I'd be extremely disappointed if HD-DVD won and didn't solve the current problem that DVDs are facing.

While I agree that it would be really annoying to have to switch discs in order to view an entire movie, I don't think it matters if the bonus materials are on a different disk.

Besides, what are you watching that even has worthwhile bonus material? I've seen the bonuses off maybe 20 disks (both run-of-the-mill discs and so-called "special editions"), and none of the extras was worth the time that went into watching them.
post #126 of 298
Quote:
Originally posted by hmurchison
Triple Layer 45GB will be there for 2nd generation HD-DVD barring any production problems.

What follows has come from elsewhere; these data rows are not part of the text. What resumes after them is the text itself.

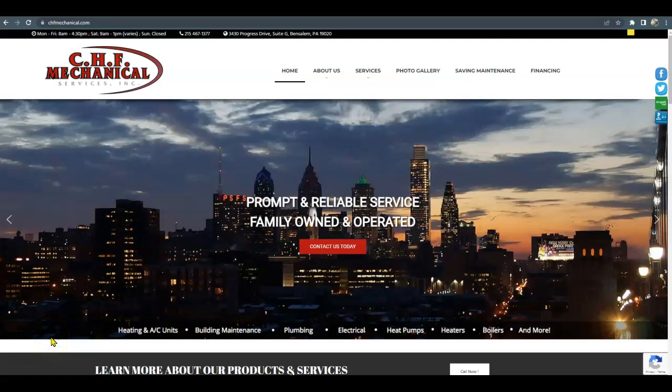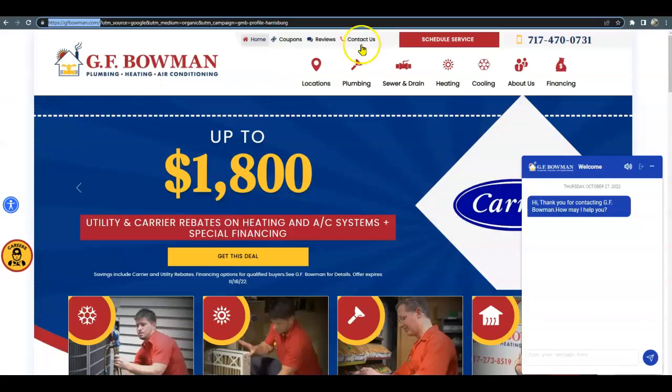Hi, my name is Tammy. Thank you so much for taking the time to watch this video. Today I'm going to show you exactly what you need to do to be at the top of Google search and beat out your competitor today, who I put in as G.F. Bowman.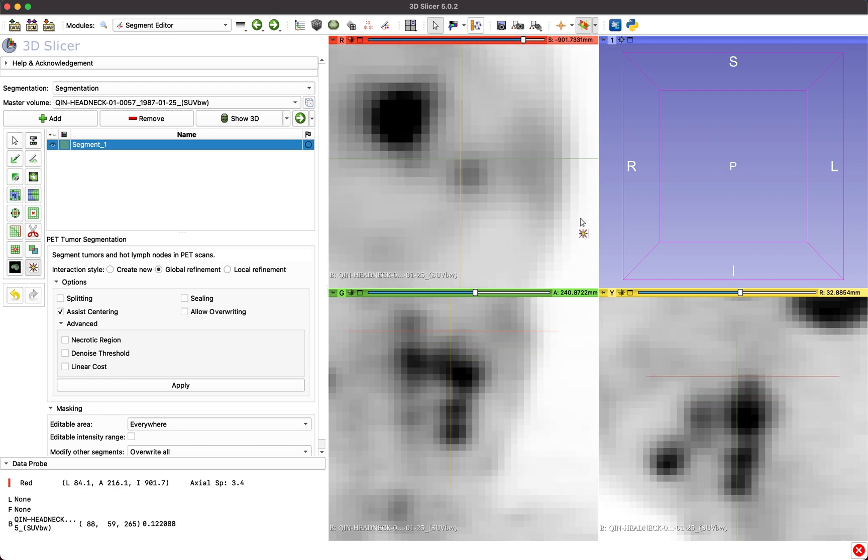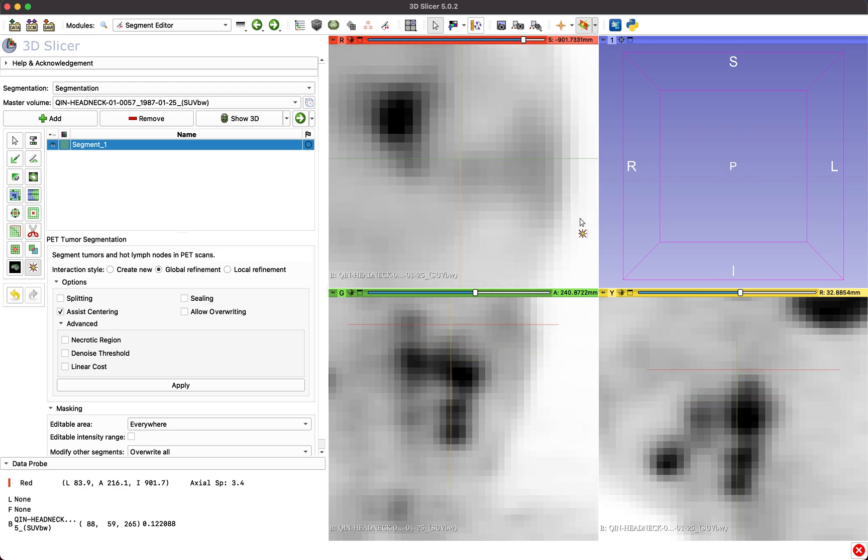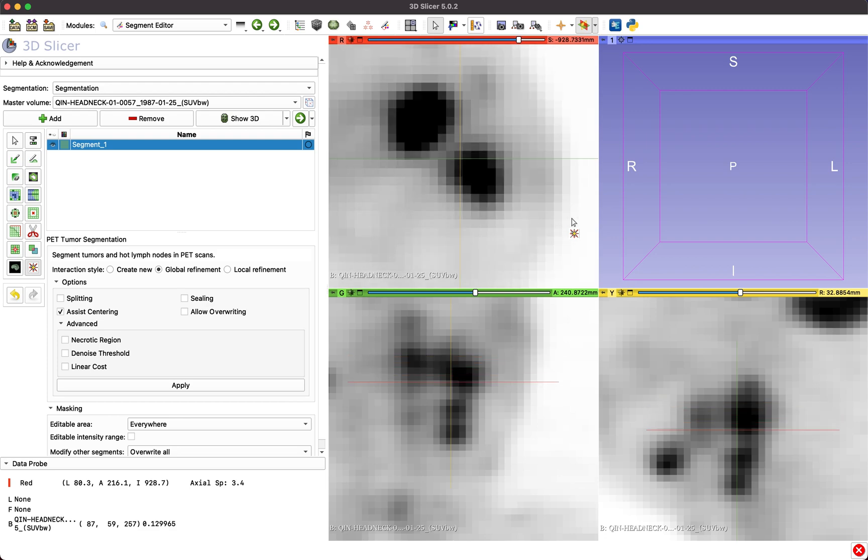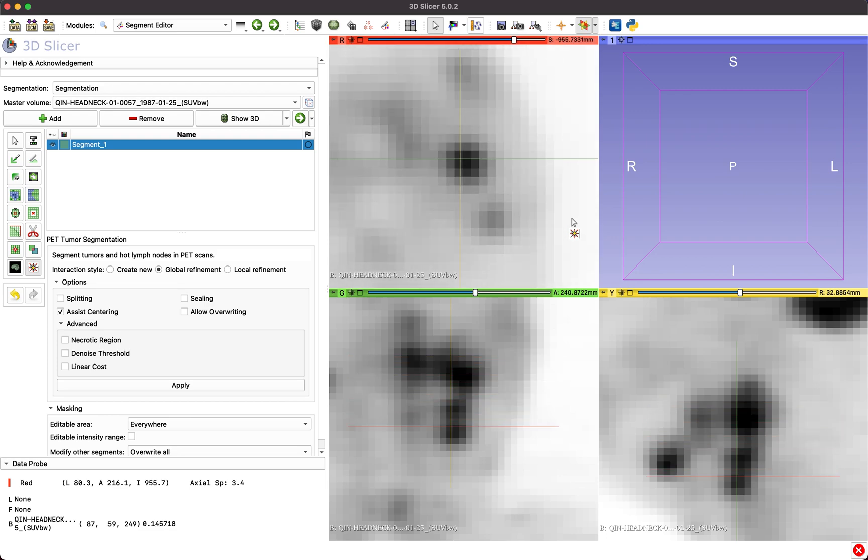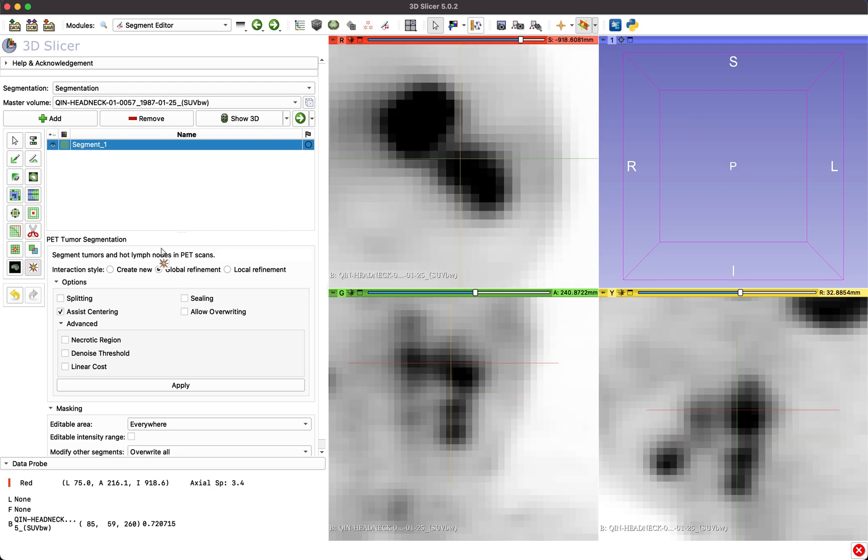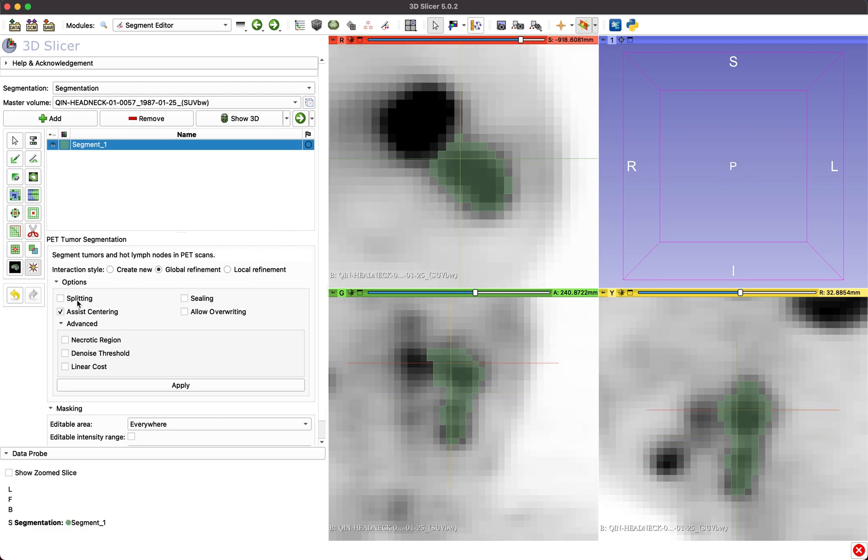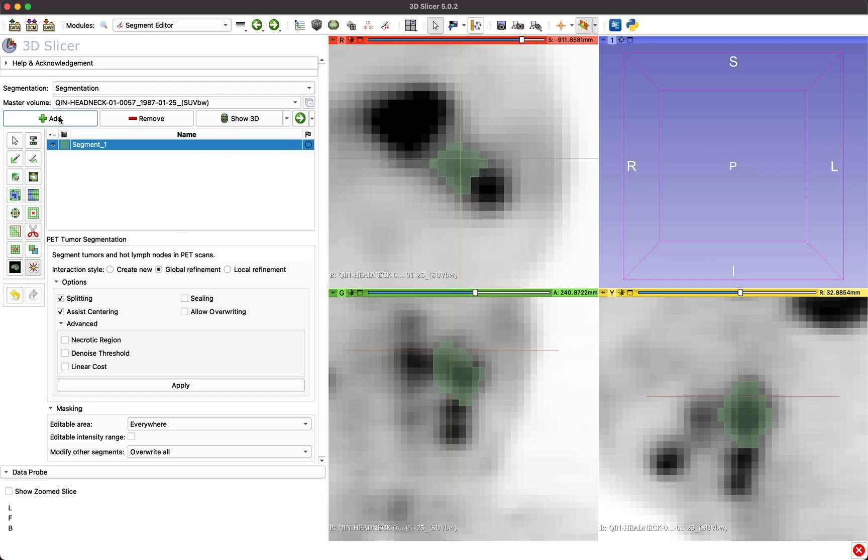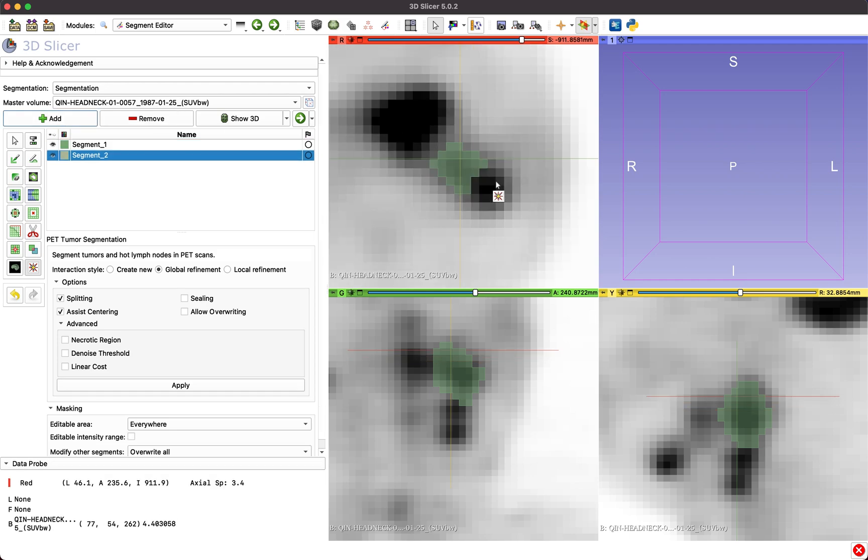Splitting is useful in cases of adjacent objects that need to be cut off. For example, in the case of lymph node chains. We recommend segmenting each lymph node in a lymph node chain separately, rather than in bulk.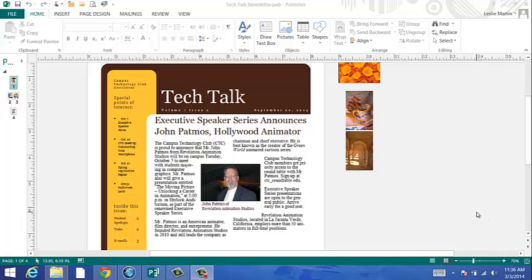In chapter three, you will work on designing a newsletter. Like in the brochure, you do not leave pre-written text in the document. You either fill in your information or delete the pre-written text.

There won't be a second generation, because it would create compatibility problems. Once the first player hits the market in the US, the format is frozen and can't realistically be changed for 8-10 years.
post #127 of 298
Also don't forget.

AACS content copy protection has a featured called Managed Copy that would allow you to store your HD films on a hard drive with the proper rights. This would ameliorate any disc switching problems.

The hangup.....HD-DVD is in...the BDA is still non-committal on Managed Copy. I believe support should be mandatory.

We have to look at 5 years from now when the average home will have a 2TB Network Storage device serving out media. Do we really want to kill this wonderful opportunity in its infancy?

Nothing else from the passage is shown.